Interesting Info 3 Oct 2023

Surprisingly Rare Cars You Might Have Once Owned

In the 1970’s and 80’s there were a number of cars that were the staple of motoring Britain. Cars that most of us who grew up in that era were driven around in by our parents or taken to school in and were a familiar sight on roads and street scenes up and down the country. But despite the sheer numbers of examples on the roads at one time, some of the most popular cars from that period are now rarer than you would imagine.

In fact, some are becoming that scarce and have generated such a following that they are quickly becoming considered as appreciating future classics, and if your parents still happened to own that car, they could have something potentially rather valuable. The decline in numbers registered to UK roads and the increase in popularity of cars from that era, especially in recent years, means that some of these vehicles are looking like a great investment, if you can find an original and well maintained example that is.

Here is our look at some of the iconic popular cars from the 1970’s and 1980’s which surprisingly are becoming increasingly rare on British roads today:

Fiat Panda 4×4

Image courtesy of Collecting Cars

The Fiat Panda was released in 1980 and was a modern-day version of the cheap small city car that Fiat had so successfully created with the 500. With flat body panels in abundance, the Panda cut down on production and manufacturing costs, even the glazing was completely flat meaning the windows could be switched between left and right on the car to save costs further.

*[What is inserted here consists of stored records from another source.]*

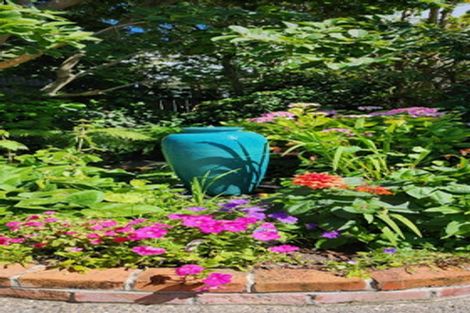 Photo of property in 131 Aro Street, Aro Valley, Wellington, 6021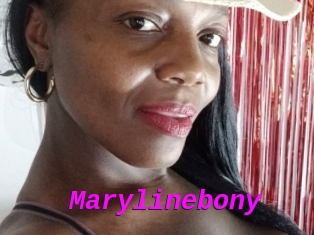 Marylinebony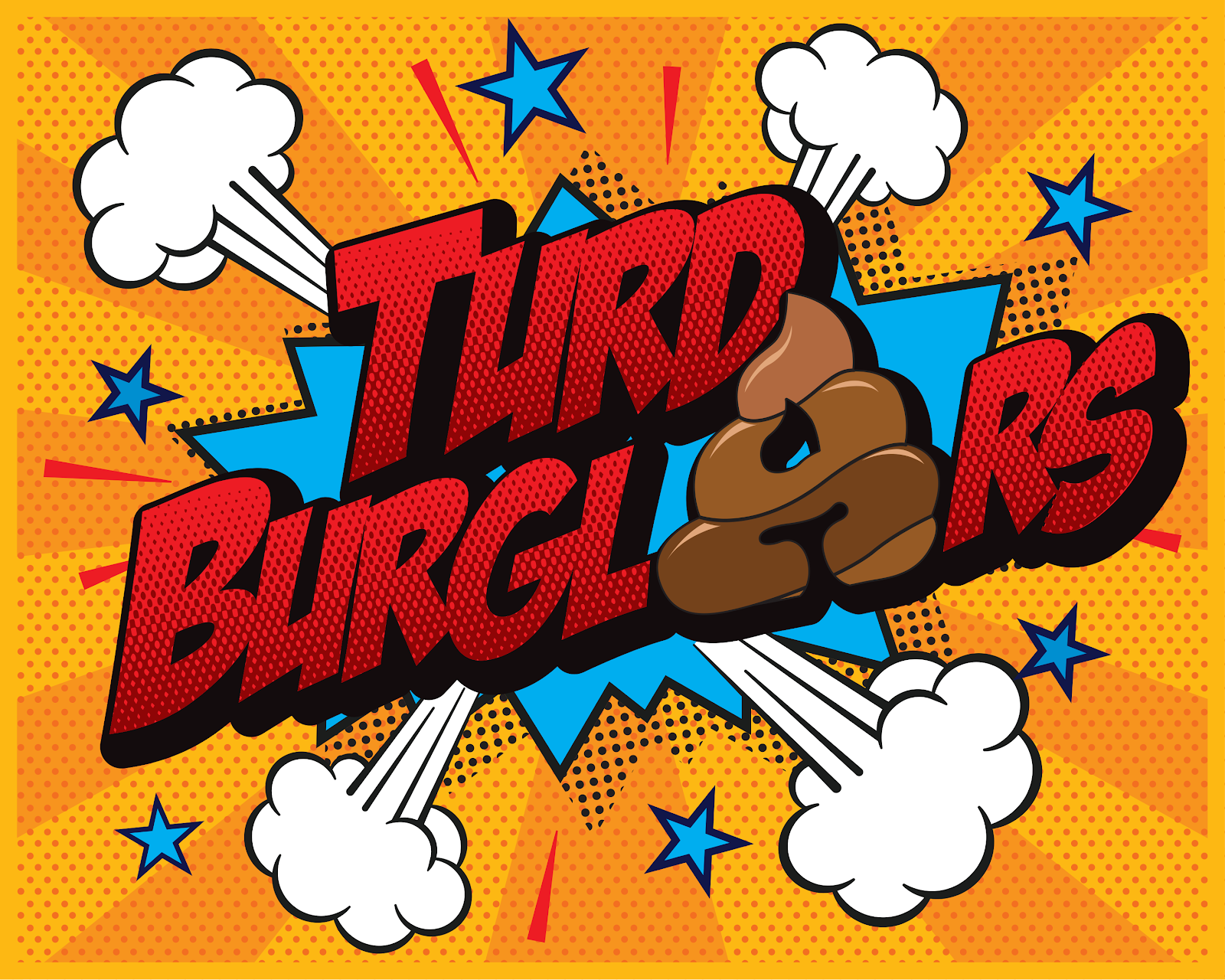 Turd Burglars Pet waste Management - Photo 2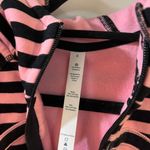 Lululemon Scuba Hoodie Photo 2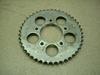 XeB[h400/ STEED  huXvPbg NC26-1212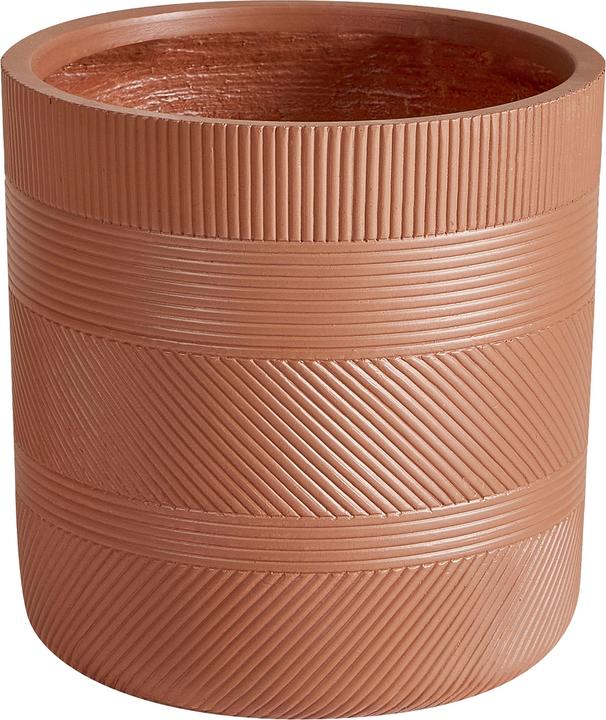 Produktbild Beliani Voula (31 x 31 cm)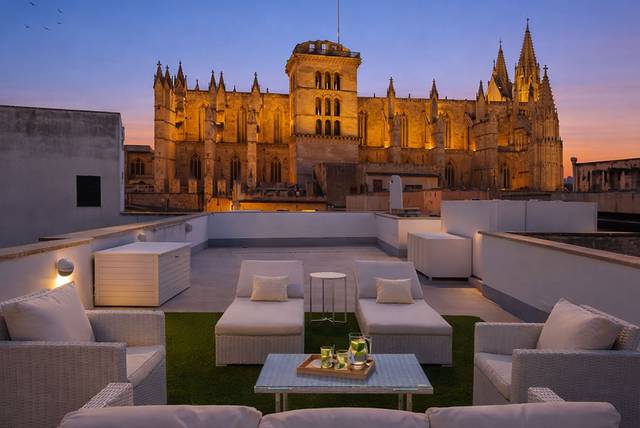 Apartamento en Venta en La Seu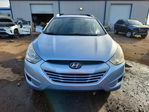 Hyundai Tucson 2012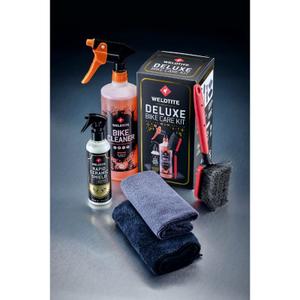 product/w/e/weldtite_198237_noir_2.jpg
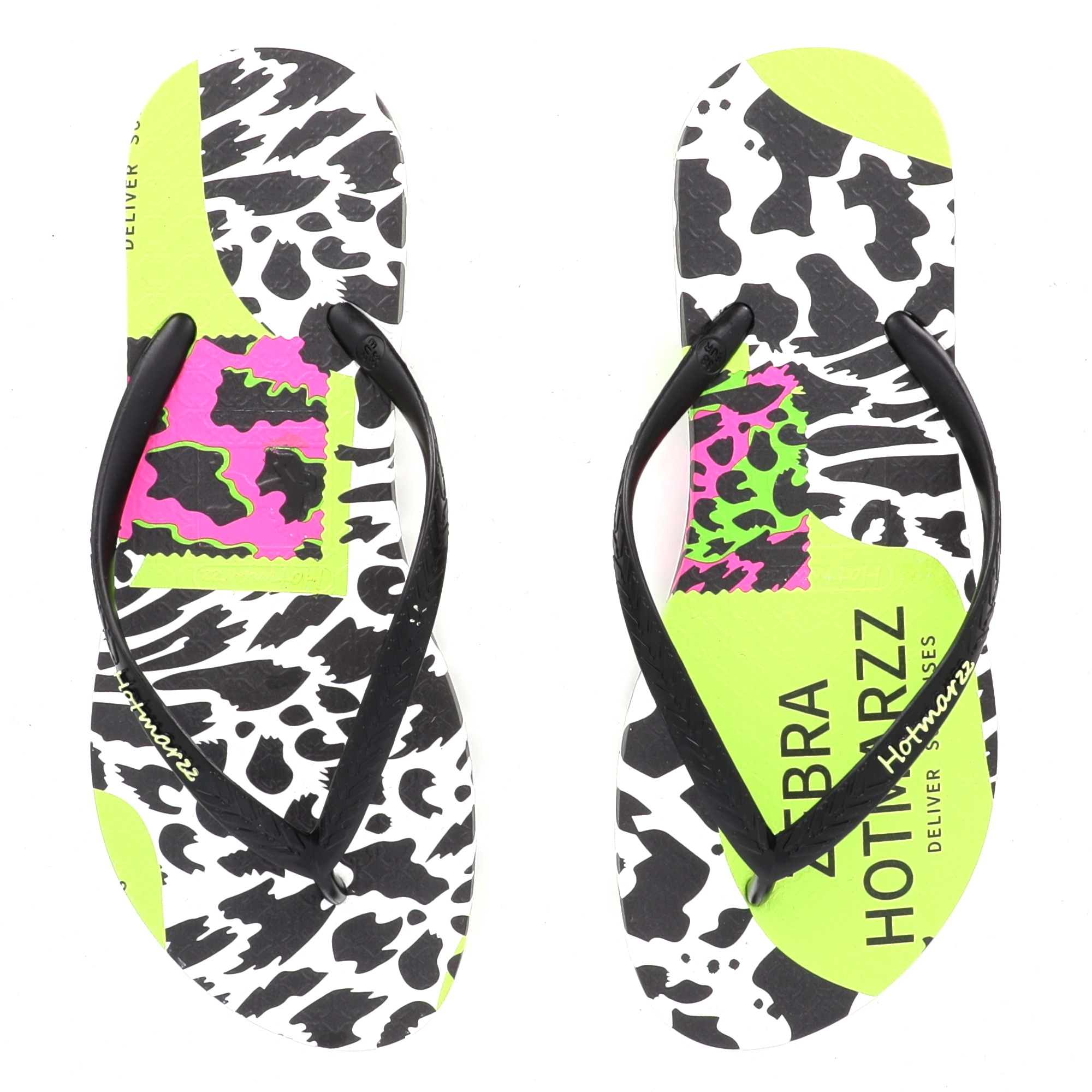 7101-01 ΓΥΝΑΙΚΕΙΑ ΣΑΓΙΟΝΑΡΑ, ΜΑΥΡΟ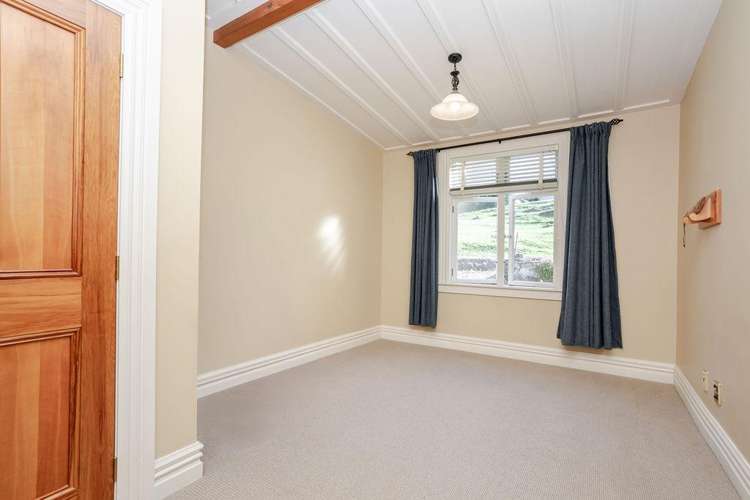 177 Blairgowrie Road Dannevirke_5
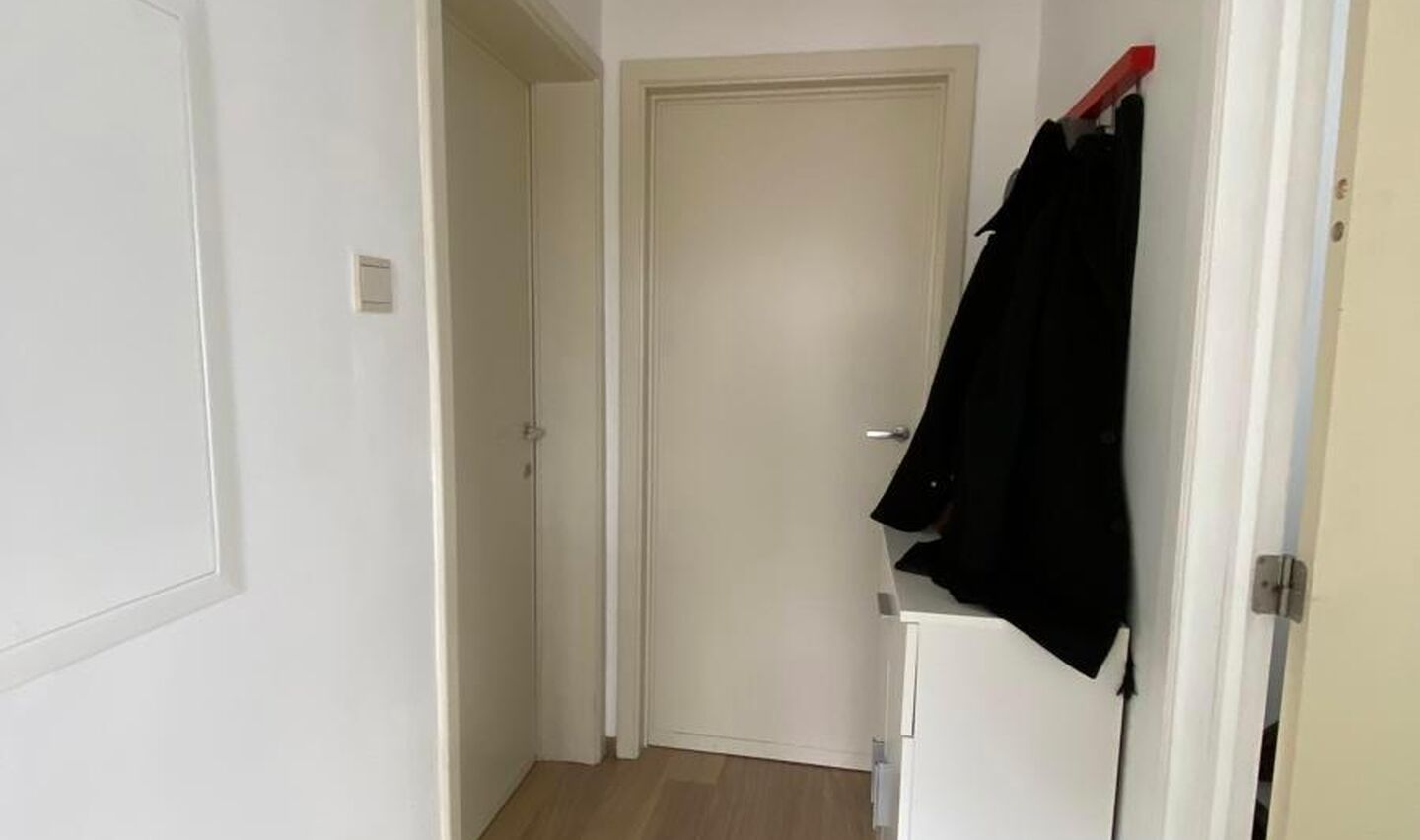 Appartement &agrave; louer &agrave; Sint-Pieters-Leeuw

Over 4.5 million Pandas were produced in its first generation and it became one of the biggest selling Italian cars of the era.

The Fiat Panda 4×4 was announced in 1983 and was a pioneer in its day, being the first small transversely engine production car to have a 4-wheel drive system. Not only that but the 4-wheel drive capability was manually selectable and featured an ultra-low first gear for rough terrain, meaning under normal driving conditions second gear was used to set off, with 5th gear being the same ratio as the normal 4th gear in other Panda models.

In 1987 they released the generously equipped and even more rugged Panda 4×4 Sisley, with metallic paint, inclinometer, white painted wheels, roof rack, headlamp washers, roof rack, bonnet scoop and ‘Sisley’ badging and trim. The model is much sought after amongst Panda enthusiasts, it even made an appearance in a special episode of The Grand Tour, with James May deciding it was the perfect car to take on the rough terrain of Columbia. There are just 37 examples remaining on British roads, so if you happen to own one you probably won’t pass another.

Audi 100

Audi 100
Image Courtesy of Audi

The Audi 100 was a sales phenomenon for the company, introduced as a four-door executive saloon in 1968 then followed by a 2-door saloon and fastback coupe. By the early 1970’s Audi had gone from half a million total sales to their 2 millionth car in a few short years, and the 100 accounted for over 40% of that total. It became the first Audi to surpass 1 million units and was on sale right up to the early 1990’s before being renamed as the A6 that is still on sale today.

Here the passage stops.